Historians some day may mark the bitter controversy over oil drilling in the Pigeon River Country State Forest as a milestone of conservation in America. When the complex clash between oil companies, preservationists, sportsmen and the Department of Natural Resources began unfolding a few years ago, it looked as though it would develop into a battle in which there could be no winners. But today, while the battle smoke is still clearing, it appears that there really have been some winners --- approximately nine million of them and countless millions more to come. They are the citizens of Michigan – today and in future generations – who will enjoy the bounty that will come from legislation that was forged in the crucible of the Pigeon River Country controversy.
That controversy posed the classic dilemma pitting economy versus ecology. In this instance, the Natural Resources Commission sold leases back in 1968 to various oil companies to state-owned lands in what was to become the Pigeon River Country State Forest in the northern Lower Peninsula. Preservationists, fearing widespread despoliation of the forest if oil and gas wells were drilled there, protested against the leases and demanded that hydrocarbon extraction be prohibited in the forest.

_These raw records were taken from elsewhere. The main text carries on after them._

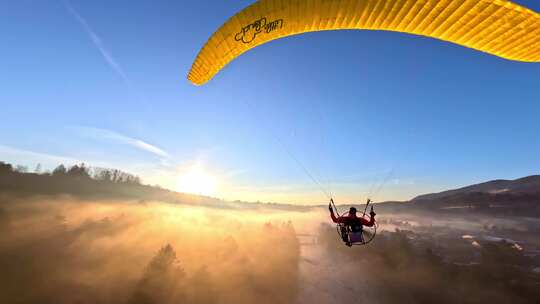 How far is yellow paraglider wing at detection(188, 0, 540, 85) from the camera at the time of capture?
6930mm

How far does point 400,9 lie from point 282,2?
3196 millimetres

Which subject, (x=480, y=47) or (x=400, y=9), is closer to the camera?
(x=400, y=9)

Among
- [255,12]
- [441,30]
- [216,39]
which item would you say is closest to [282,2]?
[255,12]

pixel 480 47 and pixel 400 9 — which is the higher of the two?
pixel 400 9

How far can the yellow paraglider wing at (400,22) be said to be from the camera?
6.93m

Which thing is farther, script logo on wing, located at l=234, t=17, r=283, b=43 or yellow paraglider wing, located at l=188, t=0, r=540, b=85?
script logo on wing, located at l=234, t=17, r=283, b=43

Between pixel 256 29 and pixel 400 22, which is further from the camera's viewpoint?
pixel 256 29

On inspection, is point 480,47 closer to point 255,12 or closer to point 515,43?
point 515,43

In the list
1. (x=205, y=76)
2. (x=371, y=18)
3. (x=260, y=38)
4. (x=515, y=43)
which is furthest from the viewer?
(x=205, y=76)

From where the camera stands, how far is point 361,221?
10188 mm

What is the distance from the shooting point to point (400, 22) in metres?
7.96

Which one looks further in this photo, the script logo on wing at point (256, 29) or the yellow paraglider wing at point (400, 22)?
the script logo on wing at point (256, 29)

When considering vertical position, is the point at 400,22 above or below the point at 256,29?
above

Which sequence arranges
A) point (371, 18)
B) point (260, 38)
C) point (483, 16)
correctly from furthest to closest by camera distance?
point (260, 38) < point (371, 18) < point (483, 16)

The Michigan United Conservation Clubs, the largest sportsmen’s organization in the state, took a different approach. Recognizing the need for energy supplies, the state’s precarious legal position in the lease sales and the ability of the environment to withstand the effects of gas and oil developments under rigid controls, directors of MUCC last October adopted a forthright policy that supported limited oil and gas drilling in the forest provided fees from lease sales and royalties were earmarked for purchase of public recreation lands.
MUCC staff members began drafting a proposed bill that would embrace the objectives of the directors’ policy statement. Sen. Kerry Kammer, D-Pontiac, agreed to introduce the bill. Senate Bill 1258 won passage in that chamber by a margin of 29-7 in the face of opposition led by Sen. Joseph S. Mack, D-Ironwood, chariman of the Senate Conservation Committee, who bilified MUCC’s role in the legislation and called the Kammer bill “one of the slickest shell games I’ve ever seen played in this Legislature in 16 years.” In spite of Sen. Mack’s attacks, the Kammer Recreational Land Trust Fund Act of 1976 awaits the signature of Gov. William G. Milliken. This is certain to be forthcoming in view of the Governor’s espousal of his own “Resource Heritage Fund,” which was largely incorporated into the Kammer bill through the amendment process.
Upon signing, the bill will take in a landmark conservation measure that is believed to be unique in the United States. Utilizing fees from oil, gas and mineral leases in the Pigeon River Country State Forests and from any similar other leases the state may enter into after the effective date of the act, the Kammer bill will establish a perpetual trust fund that will enable the state to acquire prime recreation lands wherever and whenever they become available. At least two-thirds of each year’s revenues will go directly into the fund until up to $100 million in principal has been accrued, after which excess fees will revert to the Game and Fish Protection Fund or the General Fund. The other one-third of annual collections will be available for immediate use each year in purchasing land for public recreation.
Because there is no way of knowing how many leases the state will enter into following enactment of the Kammer bill, it is impossible at this time to predict accurately how much revenue will be turned over to the land trust fund each year, but it will be a substantial amount. The Department of Natural Resources believes the fees could total anywhere from $1 million to $6 million during the first year of the act, depending on the amount of new oil and gas drilling. Sen. Kammer’s office pegs the first year’s revenues at between $2.5 million and $3 million. William Rustem, environmental aide to Gov. Milliken, expects about $10 million to be generated annually within 10 years as the fund builds up.
Besides the very considerable income from the land trust fund itself, Michigan will be in a position to take advantage of additional millions of new federal dollars in matching funds for land acquisition, thanks to the Kammer bill.
At long last, the state now will have the resources to negotiate for the purchase of such choice properties as St. Johns Marsh on Lake St. Clair, Celeron Island in the Detroit River, Consumers Power Co. lands along the Au Sable and Manistee Rivers, the Ferris Farm in Shiawassee County – all highly valued for recreational purposes and all extremely costly.
Citizens of Michigan can thank Sen. Kammer for taking the leadership in creating Michigan’s pioneering and far-reaching land trust fund. While they’re at it, they might also give a nod of gratitude for the Pigeon River Country controversy that made it all possible.